Los últimos días de 2018 me vi como John Hurt en la célebre escena de Alien, el octavo pasajero (Ridley Scott, 1979). A mediados de diciembre empecé a sentir un pequeño ardor en la cintura. Luego apareció una pequeña mancha roja. Entonces el ardor ya era en un dolor punzante.
La culebrilla es una erupción de sarpullido causada por el mismo virus de la varicela-zóster. Después de atacar en la infancia, se mantiene hospedado en el cuerpo y espera a que tengamos más de 50 años para una contraofensiva. Mantuve a mi virus por 42 años.
En el verano de 1976 conocí a Isabela de Sagua, un pueblo del norte de mi provincia al que alguna vez llamaron la Venecia de Cuba. Fui con mi primo Alahím, en un tren que primero pasaba entre lomas de sal y luego hundía sus ruedas en el mar para poder llegar hasta la estación de Concha.
A lo largo de la costa había una hilera de casas abandonadas y las fuimos recorriendo una a una, lanzándonos de cabeza desde sus muelles.
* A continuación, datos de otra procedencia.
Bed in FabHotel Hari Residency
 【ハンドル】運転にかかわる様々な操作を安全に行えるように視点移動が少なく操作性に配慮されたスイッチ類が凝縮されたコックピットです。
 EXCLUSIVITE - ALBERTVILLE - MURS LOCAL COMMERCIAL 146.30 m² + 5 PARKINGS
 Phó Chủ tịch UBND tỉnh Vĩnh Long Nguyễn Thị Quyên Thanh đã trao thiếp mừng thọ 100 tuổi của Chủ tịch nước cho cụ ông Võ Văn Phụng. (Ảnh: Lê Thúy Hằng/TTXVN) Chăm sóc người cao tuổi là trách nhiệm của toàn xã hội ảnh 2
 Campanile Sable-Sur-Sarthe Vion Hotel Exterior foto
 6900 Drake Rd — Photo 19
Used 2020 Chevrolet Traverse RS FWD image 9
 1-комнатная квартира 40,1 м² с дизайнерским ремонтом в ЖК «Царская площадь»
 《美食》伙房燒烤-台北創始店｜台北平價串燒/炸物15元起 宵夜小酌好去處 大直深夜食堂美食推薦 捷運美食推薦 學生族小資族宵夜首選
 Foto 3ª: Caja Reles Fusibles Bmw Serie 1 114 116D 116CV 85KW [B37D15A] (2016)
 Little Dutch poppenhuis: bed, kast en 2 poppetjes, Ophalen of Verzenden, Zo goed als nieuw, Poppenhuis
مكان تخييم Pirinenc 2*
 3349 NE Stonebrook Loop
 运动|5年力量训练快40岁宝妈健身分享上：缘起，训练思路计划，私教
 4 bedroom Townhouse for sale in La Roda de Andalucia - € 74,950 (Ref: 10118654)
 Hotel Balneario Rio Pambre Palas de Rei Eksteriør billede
Fue Alahím quien descubrió que tenía la espalda llena de ampollas. “¡Te picó tremenda aguamala!”, me dijo.
Después de contagiar a mi primo, regresé a Camarones con mucha fiebre. Mi peor recuerdo de la varicela, fue la tarde en que mi prima Lazarita (a quien también contagié) y yo empezamos a retozar y caímos encima de la sobrecama de yute del último cuarto. Esa ha sido la picazón más desesperante de mi vida.
No tengo constancia de que ningún guajiro de mi pueblo haya ido al hospital por una culebrilla. Me resistí a ser el primero, pero el domingo pasado no pude más.
“Se dice que los dolores de la culebrilla son peores que los de parto”, dijo el médico mientras yo miraba a Diana con cara de héroe.
En el peor momento de la dolencia, me sentí aludido por unas declaraciones del presidente de mi país. “Mal nacidos por error en Cuba” nos llamó a todos los que nos oponemos, de una manera o de otra, al régimen opresivo e inoperante que él encabeza.
Aunque no pueda probarlo científicamente, el mensaje de odio de Díaz-Canel acabó aliviándome tanto como el ketorolaco. El lugar donde nací y al que sigo perteneciendo es ya intangible. Nadie me lo puede quitar. Vivo en un país libre, donde me han devuelto todos los derechos que me quitaron en el mío.
Por eso pude volver a subirme en el tren que pasaba entre lomas de sal y hundía sus ruedas en el mar. Tengo todo lo que necesito para seguir viajando en él. Lo único diferente es mi cara. Más que al niño que fui, ahora me parezco a John Hurt en el momento en que estalla de dolor.